You’ve felt it with other art forms, right? You go to a great concert or act or movie, and when it finishes, you feel a little bit different? A little bit more awake?
Well, great writing does that too, and the beautiful part is it can affect people on a mass scale. You can write a great blog post once, and thousands or even hundreds of thousands of people will be affected by it.
Do you realize how incredibly precious that is?
It means you’re not just here to inform. It means you’re not just here to entertain. It means you’re not just here to persuade.
Those little pixels on the computer screen can change somebody’s life.
After writing this post on ProBlogger, one guy actually emailed to tell me he was planning to commit suicide, and my post talked him out of it. It spoke to him exactly where he was, gave him exactly the message he needed to hear, and reached him at exactly the right time.

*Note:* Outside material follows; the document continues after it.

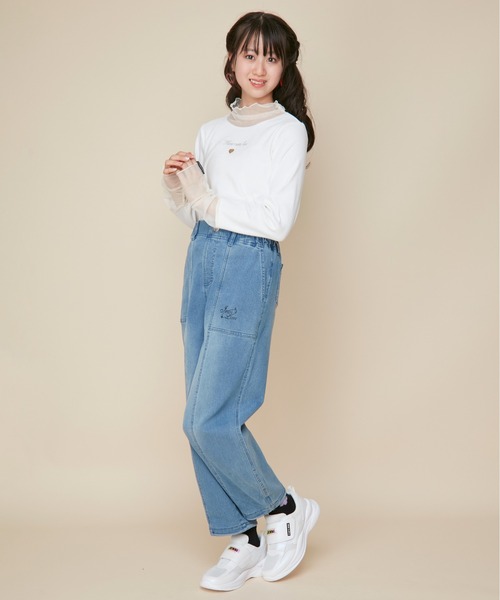 JENNI love(ジェニィラブ)の「【ストレッチ素材・ウエスト調整可】コクーンジョガーロングデニムパンツ(デニムパンツ・キッズ・ネイビー/ブルー・130cm/140cm/150cm/160cm)」の11枚目の写真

Honestly, I feel better about that than all the money I’ve made in my life. I set out to write a post that would affect people, and it did, maybe in the biggest way possible.
It’s time to start taking your work seriously
When you sit down to write, don’t publish just another blog post. Don’t give your readers just another tip. Don’t tell just another cute story.
Set their freaking hair on fire.
Write with so much passion and energy and enthusiasm they can’t stay asleep. You want them to feel like somebody shocked them with a defibrillator.
Because that’s what you have to do: bring them back to life. Maybe not forever, maybe not even for a day, but for an hour or two, give them such a charge they feel like a different person.
Do that, and they won’t just move on to the next post, forgetting about you forever.
They’ll write a comment. They’ll share your post with their friends. They’ll subscribe to your blog, so they can come back for more.
And then you can shock them again and again and again until they find their spark for good.
From then on, you’ll be their hero. They’ll think about you every day. You’ll be, quite literally, unforgettable.
But the best part?
When your time does come, you’ll know you made a difference
I don’t know about you, but when I pass into the great beyond, I won’t be thinking about comment counts or traffic stats or the number of subscribers on my mailing list. I’ll think about the guy who decided not to commit suicide, the young girl who made enough money to get off food stamps, the overworked dad who was able to quit the rat race and spend time with his kids.
Those are the things that matter. Those are the things we are working for. Those are the things we need to build our entire businesses around.
That’s why we’re here. That’s why we matter.
So get to work.
Your readers are waiting for you.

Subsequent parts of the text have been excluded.